In our new paper, Reduction-dependent siderophore assimilation in a model pennate diatom, published in PNAS, we reveal details of an alternative to phytotransferrin iron uptake that relies on two different proteins. We characterized these proteins by deleting them using CRISPR/Cas9 and then tested how the diatoms used iron. We also fused fluorescent markers to these proteins and observed under the microscope where the proteins occurred. The first is a protein capable of binding siderophores in seawater. Siderophores are small compounds which can increase the concentration of bioavailable iron in seawater and help dissolve iron from minerals. These compounds facilitate iron uptake, usually for the organism that produces them. In this case, the diatom is extracting iron-containing siderophores from seawater but leaving the synthesis up to other microbes. The second protein involved comes from a protein family involved in iron redox chemistry. This means it can change the redox state of iron which determines how it interacts with other molecules. By changing the redox state of an iron atom contained in a siderophore, the iron can be coaxed out and used by the diatom. So, this uptake system works by binding siderophores with one protein and extracting the iron with another, no carbonate required.

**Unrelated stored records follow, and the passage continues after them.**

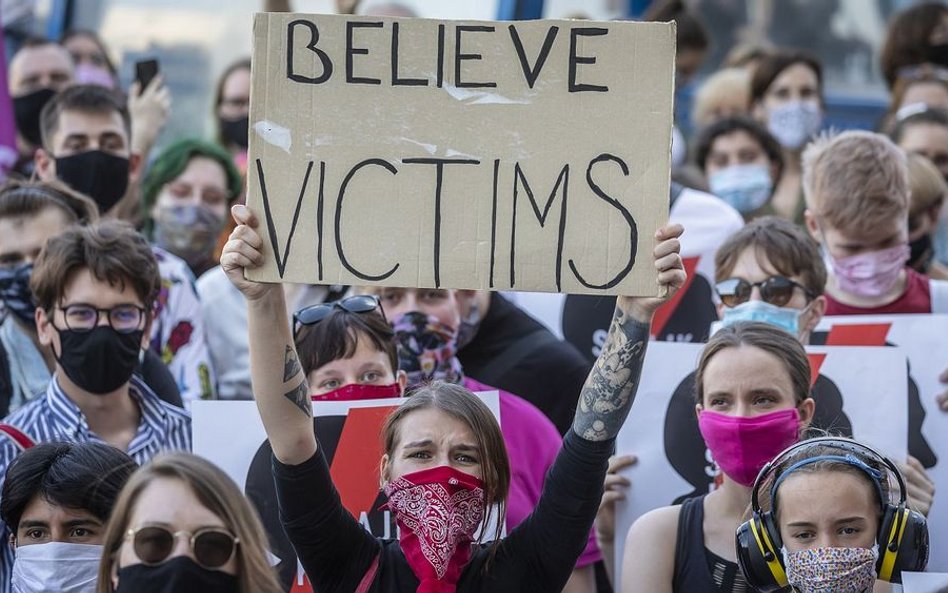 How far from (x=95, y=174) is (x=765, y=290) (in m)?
2.86

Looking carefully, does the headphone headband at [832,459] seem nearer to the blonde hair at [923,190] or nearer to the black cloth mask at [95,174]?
the blonde hair at [923,190]

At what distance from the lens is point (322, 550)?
3797 millimetres

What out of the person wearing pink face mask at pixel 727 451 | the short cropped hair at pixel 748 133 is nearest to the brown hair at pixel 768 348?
the person wearing pink face mask at pixel 727 451

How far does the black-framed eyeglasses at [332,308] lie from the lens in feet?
15.3

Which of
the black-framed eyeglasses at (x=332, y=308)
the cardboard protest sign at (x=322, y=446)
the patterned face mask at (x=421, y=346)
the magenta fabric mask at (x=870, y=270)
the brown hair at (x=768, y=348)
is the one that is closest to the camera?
the brown hair at (x=768, y=348)

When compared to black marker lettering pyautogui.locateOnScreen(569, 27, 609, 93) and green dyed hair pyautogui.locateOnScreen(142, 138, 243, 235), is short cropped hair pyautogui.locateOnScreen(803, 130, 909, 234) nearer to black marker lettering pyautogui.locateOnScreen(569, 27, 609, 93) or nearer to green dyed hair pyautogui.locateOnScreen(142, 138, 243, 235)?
black marker lettering pyautogui.locateOnScreen(569, 27, 609, 93)

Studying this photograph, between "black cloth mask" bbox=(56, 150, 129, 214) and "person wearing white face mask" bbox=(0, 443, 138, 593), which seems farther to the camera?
"black cloth mask" bbox=(56, 150, 129, 214)

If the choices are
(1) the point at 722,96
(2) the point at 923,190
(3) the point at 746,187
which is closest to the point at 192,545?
(2) the point at 923,190

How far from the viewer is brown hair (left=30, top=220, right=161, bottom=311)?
4.72 meters

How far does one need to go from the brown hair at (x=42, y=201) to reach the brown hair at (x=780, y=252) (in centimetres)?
220

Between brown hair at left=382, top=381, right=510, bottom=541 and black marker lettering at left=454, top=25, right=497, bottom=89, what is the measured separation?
2.74ft

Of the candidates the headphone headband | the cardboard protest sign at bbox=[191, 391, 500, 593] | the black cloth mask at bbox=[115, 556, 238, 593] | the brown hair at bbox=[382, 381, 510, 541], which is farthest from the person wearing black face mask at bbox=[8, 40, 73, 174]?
the headphone headband

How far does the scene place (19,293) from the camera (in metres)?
5.18

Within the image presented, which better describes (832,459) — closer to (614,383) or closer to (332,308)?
(614,383) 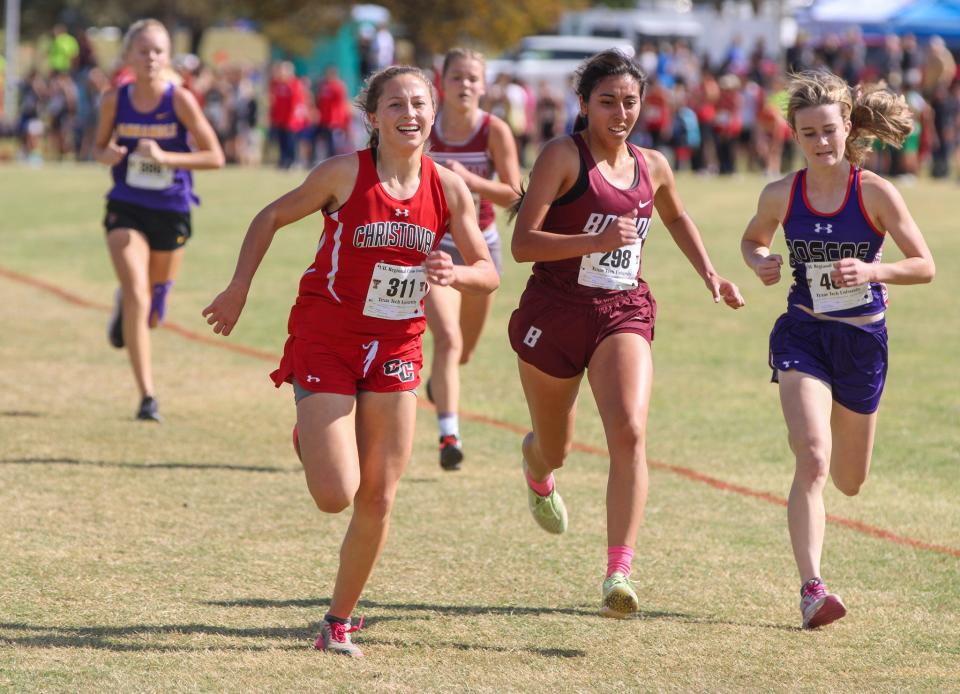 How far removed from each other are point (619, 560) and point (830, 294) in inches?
50.3

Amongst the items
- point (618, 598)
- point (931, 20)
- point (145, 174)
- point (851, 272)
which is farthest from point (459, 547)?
point (931, 20)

Iron redox proteins are common in diatoms, and in other eukaryotic organisms. It wasn’t much of a surprise to find one performing this type of a role in a diatom. The siderophore binding protein, however, comes from an entirely different evolutionary history. The details are unknown, but somehow this gene migrated from a bacterial genome and found itself in that of a diatom. It was then coopted, combined with the redox protein, and formed this uptake system which is capable of supplying all the iron a diatom needs. The one catch is that siderophores need to be around to make the system work, and diatoms don’t produce them. Essentially, this uptake system is built around an interaction between organisms. If the diatom simply steals iron from siderophore producers, it might be considered a parasitic interaction. It could be the case that siderophore producers like bacteria benefit from supplying iron to phytoplankton and increasing the rate of photosynthesis. This could mean more food for bacteria, essentially trading iron for carbon, and the interaction would be considered mutualism.

The details of the iron economy among marine microbes are only beginning to be unraveled, and it remains to be seen how these proteins might mediate ecological interactions. For now, we can say that diatoms have multiple options to get the iron they need, and this likely contributes to their success in marine environments.